Beavers in Scotland

Source:, photo by Per Harald Olsen
Since almost four hundred years there are no longer any beavers living in the wild in Great Britain. Now, four Norwegian beaver families have been released in a remote area in Scotland.
The beavers will be monitored for the next five years and then it will be decided whether beavers will be released on a larger scale.

The beavers were released in the forests near Argyll, a remote area in the west of Scotland. To provide the beavers with housing, boroughs have been created. Experts from Wales hope to follow the Scotland example soon. The Scots and Welshmen are advised by a beaver expert from Norway. Beavers can not just be released into the wild because people find that a nice or good idea. Therefore the animals are first released into an isolated area and will be observed for five years.

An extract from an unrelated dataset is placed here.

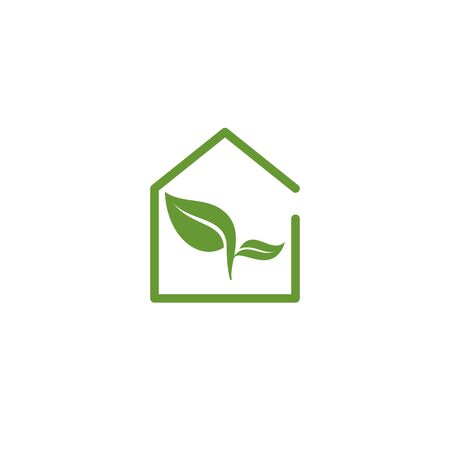 line art green house with leaf for agriculture logo and vector iconのイラスト素材
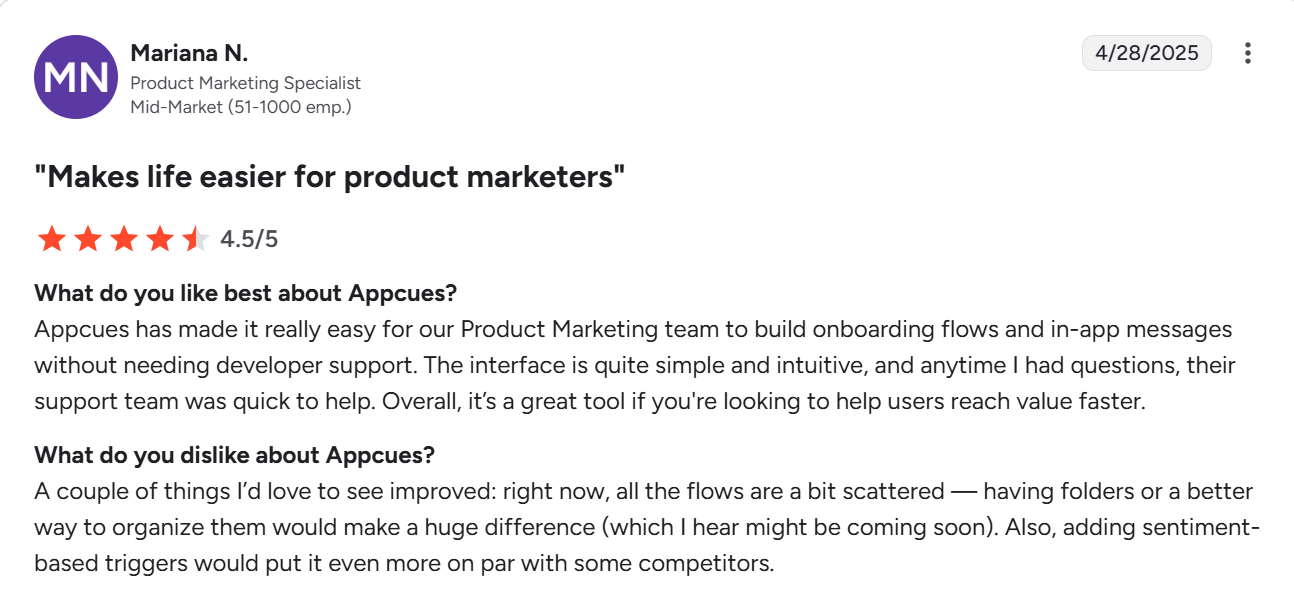 G2 reviewing showing Appcues' ease in onboarding new users.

There are two important reasons to reintroduce the beavers. Firstly, tourism. At least one beaver group will receive regular guided visits from nature lovers. This will generate some income for the local economy. Secondly, there is an ecological reason. Beavers thin out forests around lakes, streams and rivers. More sunlight is then able to reach the ground and the floral and herbal vegetation becomes more varied.

The last time a beaver was spotted in Great Britain was in 1526. The animals were shot for their fur. In Wales the beavers have been extinct since the twelfth century. In the Netherlands the animals became extinct in the second half of the nineteenth century. In 1988, however, forty-two beavers were released into the Dutch Biesbosch and the population is growing steadily.